Self Esteem Affirmation Rating Scale



Earlier this school year, one of my 6th grade students came to me wanting help with some self esteem issues she was experiencing. In our initial meeting, I was using some scaling questions to gather information, and I decided to try out an idea that popped into my head, which is the self esteem affirmation rating scale I’ll be sharing with you today.

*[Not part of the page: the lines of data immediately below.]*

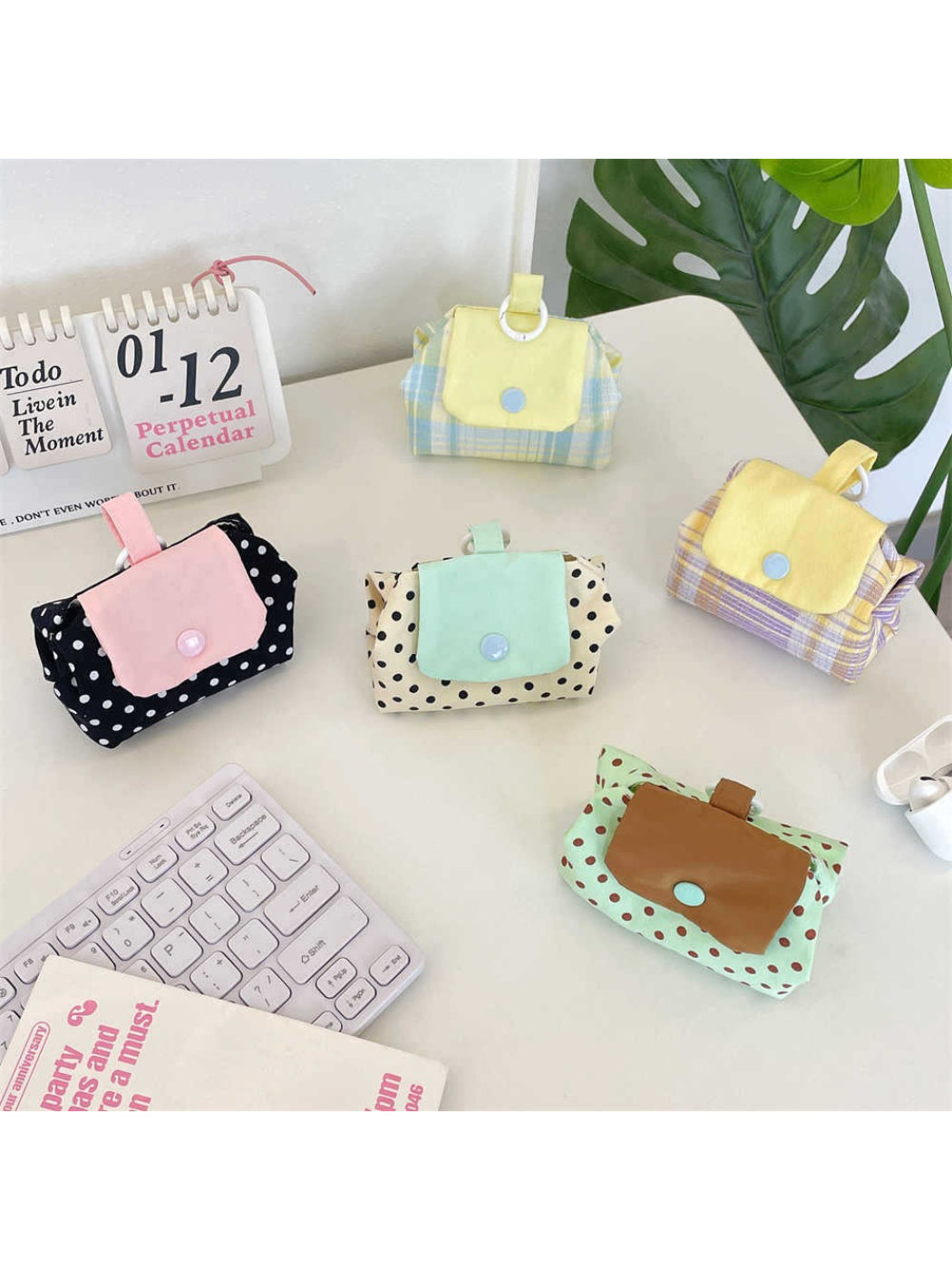 Cosbai mini pouch bag with white polka dots on black fabric, front view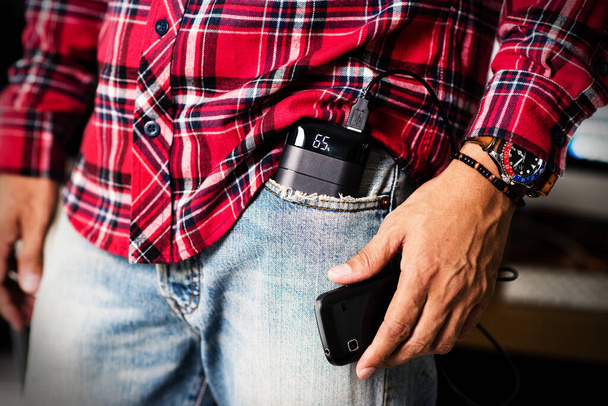 L'homme chargeant son smartphone avec une banque d'alimentation noire. Faible profondeur de champ focalisée sur l'affichage de la banque de puissance. - Photo, image
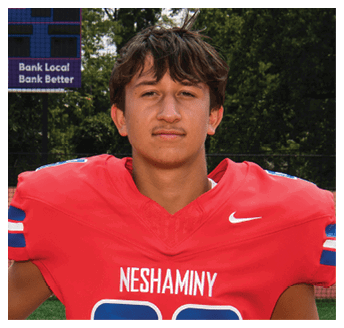 A person with short wavy hair wearing a red Neshaminy football jersey holding a red and white helmet stands on a football field with a scoreboard in the background. Description generated by AI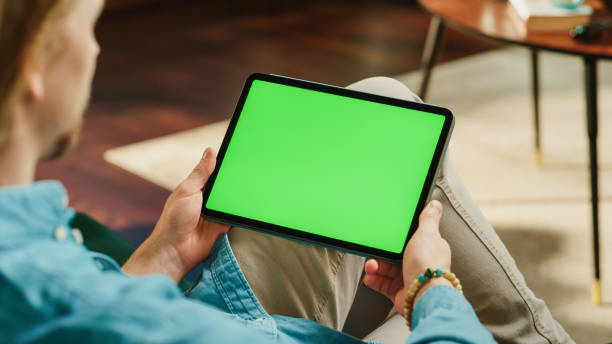istock Young Man Scrolling and Tapping on Content on Tablet Computer with Green Screen Mock Up Display. Male Relaxing at Home, Reading Social Media Posts on Mobile Device. Close Up Over the Shoulder Photo. 1447976623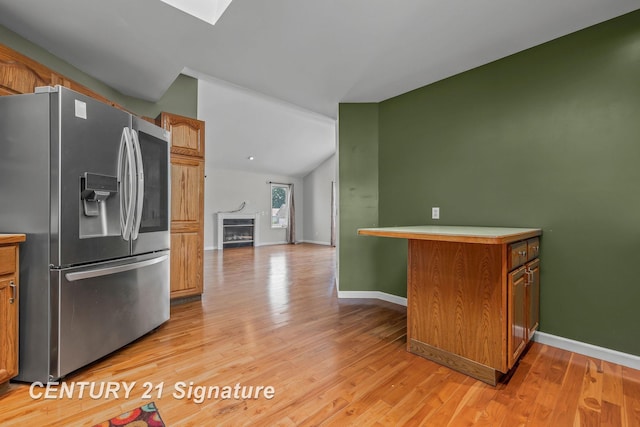2364 Milford Dr, Saginaw, MI 48603 - kitchen featuring stainless steel refrigerator with ice dispenser, light wood-style flooring, brown cabinetry, lofted ceiling, and a fireplace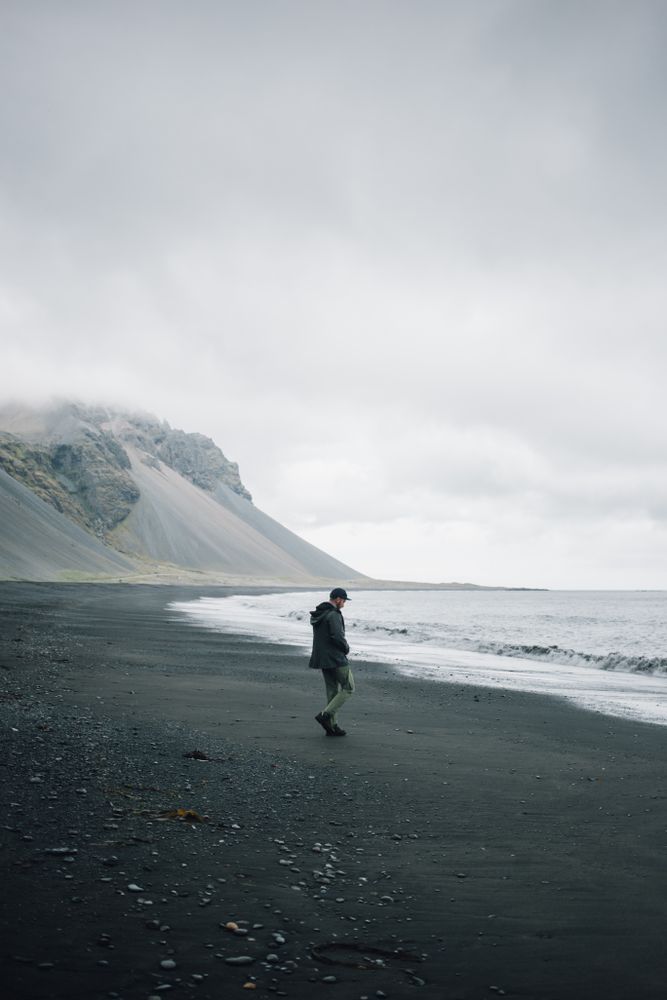 Man walking along coastline on a winter’s day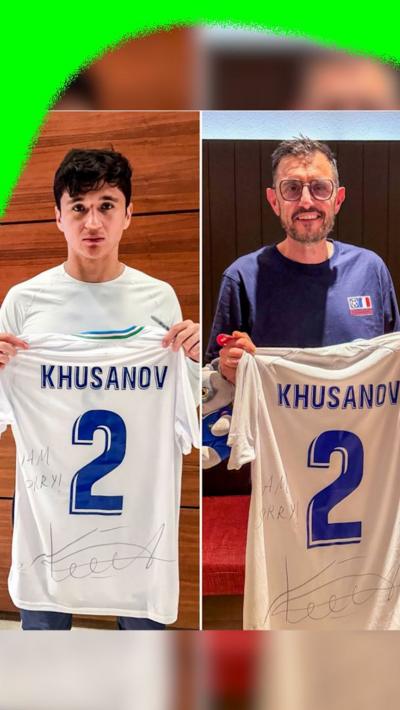 Abdukodir Khusanov gifts the cameraman a signed shirt after tackling him at Uzbekistan v Columbia at the 2026 World Cup.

In the first meeting, when that particular student was expressing self esteem problems, I had her identify the negative thoughts she was having about herself {i.e. I am weird, I am ugly, my stomach is too big, etc.}. Then, we turned those negative statements into positive ones {the way she wants to think of herself} as a way to begin reframing her thoughts. Using those positive statements, the student rated each item on a scale from 1-10, with 1 meaning that she absolutely does not believe the statement at all and 10 meaning she fully and completely believes it is true. These are the items we had rated by the end of our first meeting:

  • I am beautiful
  • I am not weird
  • I am the good kind of crazy
  • I am awesome
  • My stomach is perfect just the way it is
  • My nose is perfect just the way it is
  • My feet are perfect just the way they are
  • I don’t care what anyone says or thinks about me

The student also made this list into a poster that she keeps in her bathroom. Every morning she reads the list out loud as a way to reinforce her thought modification.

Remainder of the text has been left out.